Try something new


vass dress
I like this dress — it looks Modern without looking as if you were trying too hard to be modern. It's a nice shape, a nice length, and no matter how clever and manipulative your personal body-image demons are, they probably haven't gotten around to talking you into hating the very tips of your shoulders yet. So show 'em off! This dress also requires Important (or at least Very Dangly) Earrings, or perhaps even a Striking Cuff Bracelet, so keep that in mind. (Neither of which accoutrements could I wear for more then ten minutes before slipping them off to be lost forever in the bottom of my handbag, so I would be drastically underaccessorized in this dress.)
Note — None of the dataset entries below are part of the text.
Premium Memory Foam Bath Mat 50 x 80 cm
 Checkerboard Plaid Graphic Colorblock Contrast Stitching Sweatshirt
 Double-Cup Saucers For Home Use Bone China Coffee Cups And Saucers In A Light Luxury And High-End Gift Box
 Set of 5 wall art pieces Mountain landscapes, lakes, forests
And by "try something new," I mean if you're a size 0/2 and have $119 to spare — this is on sale at Neiman's and 0/2 is the only size left. Ah, end-of-season sales, where the two ends of the bell curve make out like bandits, and the rest of us in the hump just LOOK.

This dress is NOT — and I can't stress how important this is — NOT made of that hideous stretch polyester that so many knit dresses are molded of these days. No, this one is very nice combed cotton.
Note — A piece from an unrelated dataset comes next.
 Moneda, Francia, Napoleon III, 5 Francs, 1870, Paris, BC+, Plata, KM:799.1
Why the model was told to have no two planes of her body facing the same way, I have no idea. But she's doing a really good job of following instructions, isn't she?

Bait and Switch


evil fairy dress
I don't know about YOU, but when I click on an Ebay listing for an "Exotic Evil Black Fairy Mini Dress W/ Mesh Fringes L" I damn well expect the wings to be included! But they're not! What's up with that? I have to buy the wings separately? The wings are what make it "fairy"! Otherwise, it's just exotic, evil, and black. And definitely mini. Don't forget mini.

This is what happens every time I think I should venture out of the happy little roses and kittens world that is vintage on Ebay into the modern clothing listings. Which is not roses and kittens, as you can see, but, well, exotic, evil, and fairy. If you buy the wings separately.

The listing runs until August 11, so there's plenty of time to track down your own set of evil fairy wings, if you're so inclined. Also, the lister promises that "This tacy and racy outfit … will have all the male predators slavering and panting over you." Personally, I try to keep the male predators (as well as the female ones) far, far away from me, but hey, I'm not going to judge your lifestyle. Especially not if it involves wings. I'm not quite sure what "tacy" means here — I'm assuming it's a typo for "tasty." I'm pretty sure it doesn't have anything to do with this.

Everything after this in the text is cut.